May 2006. The evening was drawing to a close in the neighborhood of Parque Bristol, in the southside of the city of São Paulo, when the two brothers Edivaldo and Eduardo were chatting to their friends Fábio, Fernando and Israel outside their house. Both the capital and other cities in the state of São Paulo were experiencing a rapid escalation of violence, triggered by a series of attacks by the criminal gang known as PCC (First Capital Command) on public buildings and security forces, followed by reprisals by the police and death squads.
The five young men from Parque Bristol were suddenly thrust into the middle of this war. They were 21 to 25 years old. From a moving car, masked men opened fire against the group of friends, killing three, Edivaldo, Eduardo and Israel. Their names were added to the long list of civilians, mostly men (96%) younger than 35 years old (80%) with no criminal record, who were killed between May 12 and 21 that year in the state of São Paulo.
According to research conducted by the Laboratory for the Analysis of Violence of the Rio de Janeiro State University at the request of Conectas, at least 505 civilians were killed over the course of those 10 days. The number of dead government agents totaled 59.
Nine years after what have become known as the Crimes of May, families are still waiting for justice. Like so many other inquiries opened at the time, the case of Edivaldo, Eduardo and Israel was quickly shelved without the perpetrators being identified. In a sign of complicity given the lack of effort by the police to find the killers, the Prosecution Service requested that the case be shelved in November 2008.
On account of the inaction by the São Paulo state justice system, the case was referred to the IACHR (Inter-American Commission on Human Rights of the OAS), where it has been pending since 2009. The victims are also awaiting a response from the Office of the Attorney General on the request for the federalization of the investigation made by Conectas in the same year.

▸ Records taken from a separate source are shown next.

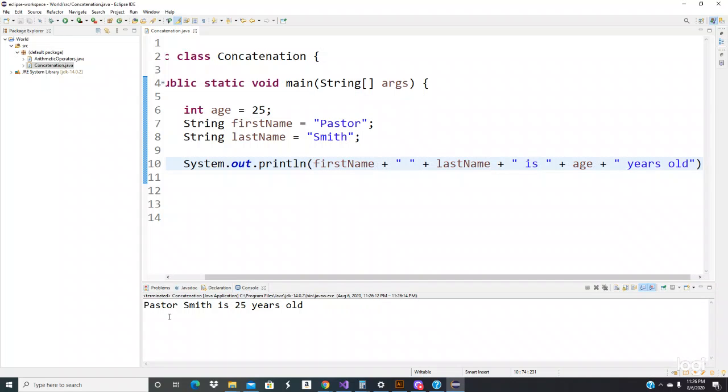Pastor Smith is 25 years old. Cool, let's put a period right there. That should be good. So this is how we put together a bunch of values so you can run the program and come out like a pretty nice line like this.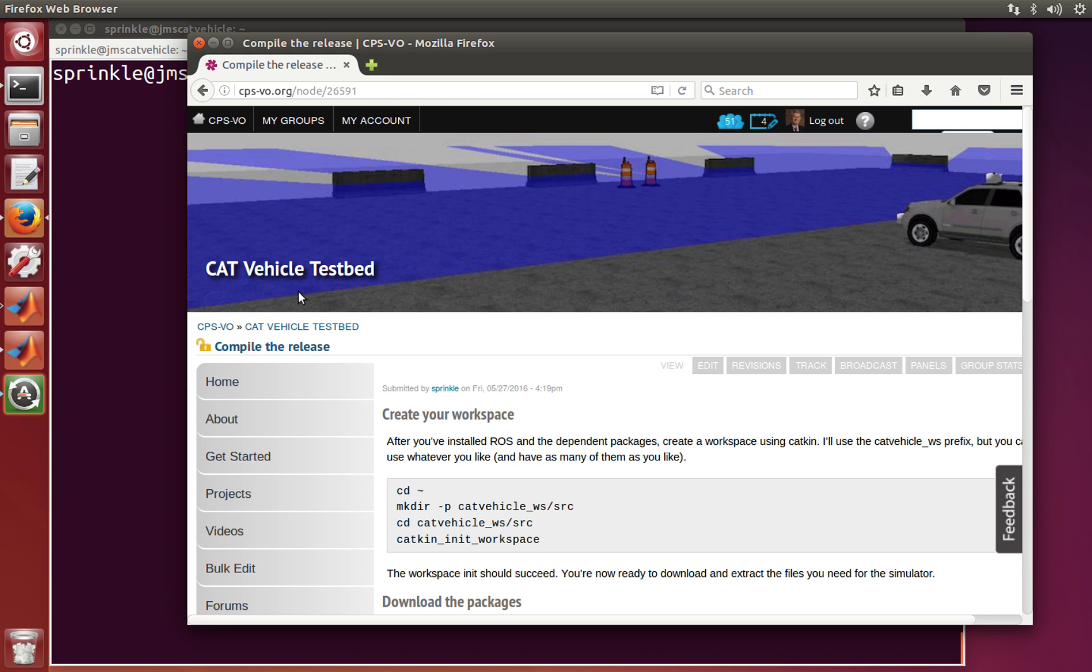Hello everyone, I'm Jonathan Sprinkle and I'm the Principal Investigator of the CAT Vehicle Project. I want to do a quick tutorial today to show you how to compile the new version of our release, which is version 2. This is a little bit different from what we've done before.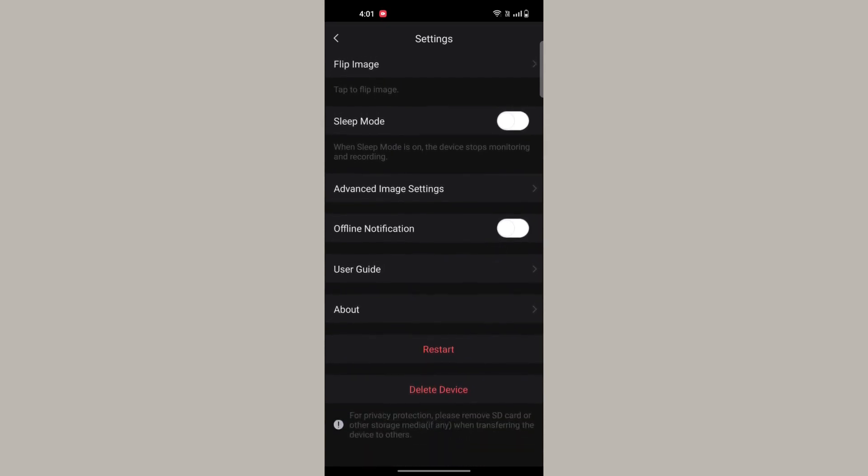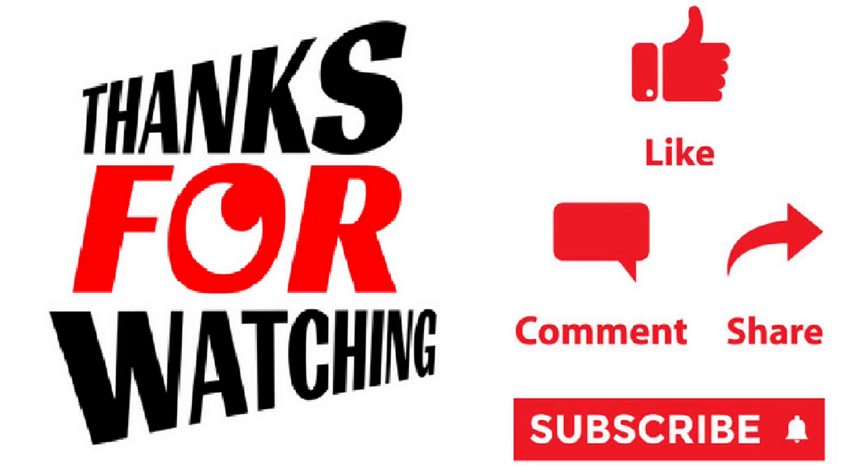If you want to go to the next video, please press the like button, share and subscribe. Tap and click on our new video. Thank you.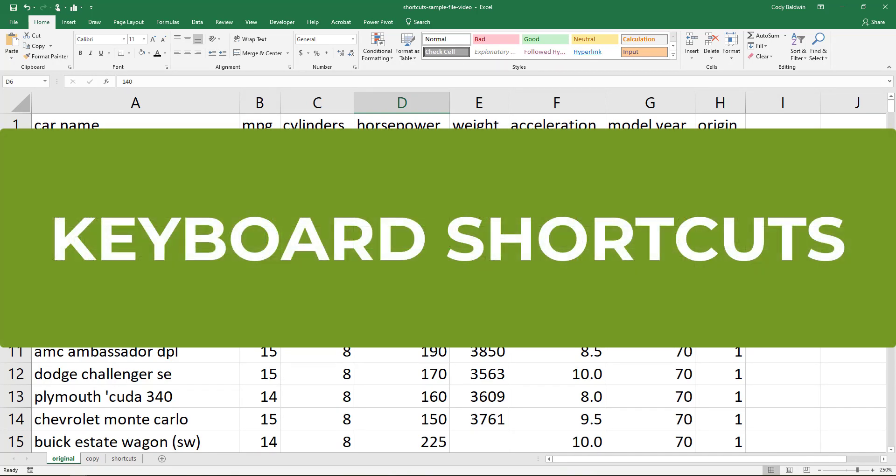Keyboard shortcuts in Microsoft Excel can make you a lot more efficient. I'm going to show you the ones that are the most useful, but let me first say you don't have to remember all of these.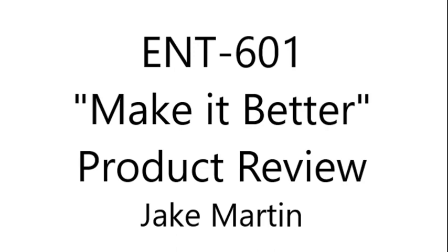Hello everyone and welcome to my product review video for Entrepreneurship 601. Today I'm going to review a product that I've used for a long time. It's called TechSmith Snagit.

“The Parque Bristol massacre contains all the symbolic elements of the Crimes of May of 2006: in response to attacks mounted by a criminal gang, the state ignored the law and staged a massacre of the most vulnerable population from the poor urban outskirts,” explained Marcos Fuchs, associate director of Conectas.
According to the report of the Special Commission on the Crimes of May, which was created by the now-defunct Council for the Defense of the Rights of the Human Person, “nearly all the police inquiries involving the death of civilians were shelved by the justice system at the request of the Public Prosecutor’s Office”. The Commission found that “there was a selective investigation, in which the families of the civilian victims were not entitled to know the real circumstances, the perpetrators or the motivations for the deaths of their loved ones”. The São Paulo Public Defender’s Office reached the same conclusion: in a document submitted to the IACHR, the Office stated that all the police inquiries related to the Crimes of May had been shelved by 2008 without identifying the culprits. Again according to the Public Defender’s Office, eight civil cases for moral and material damages were filed against the state. None of them received a definitive final judgement.
“The bodies of the justice system – in particular, the São Paulo Public Prosecutor’s Office – failed in their role to monitor state action and this omission has contributed to the perpetuation of the violations. Nine years after the events, police violence persists in São Paulo as an unmistakable consequence of this major error,” added Fuchs.
Data released by the São Paulo Public Security Department confirm this statement. In the first quarter of 2015, the Military Police was responsible for the death of 185 people in alleged confrontations – an average of 2.05 victims per day. It is the highest rate of killings by police since 2003.
“The violence today is a legacy of May 2006. The modus operandi is the same: we have a police force that kills and does not investigate, and a justice system that legitimizes impunity,” said Débora Silva, founder of the Mothers of May Movement. “The Crimes of May, in this sense, were successful. It’s why the police still have a green light to kill. This legacy needs to be eliminated.”
Week of mobilization
The ongoing violence against the young black population from the poor urban outskirts and the lack of justice for the families of the victims of the Crimes of May will be the target of a demonstration on Friday, May 15, in the Praça da Sé public square in downtown São Paulo. The protest is being organized by the Mothers of May Movement, founded by mothers of the young people killed by the police in 2006.
Click here to visit the event page on Facebook.
“On May 15, 2006, a curfew was declared by the state government so no one could be an eye witness to what was happening in the outskirts,” explained Débora Silva. “Now, nine years later, we want to raise awareness among the population that impunity still reigns to this day and show that the state has abandoned the mothers of the victims. We are demanding that this error be recognized. This is why we are going to rally organizations and individuals who are committed to the most fundamental right there is, which is the right to life.”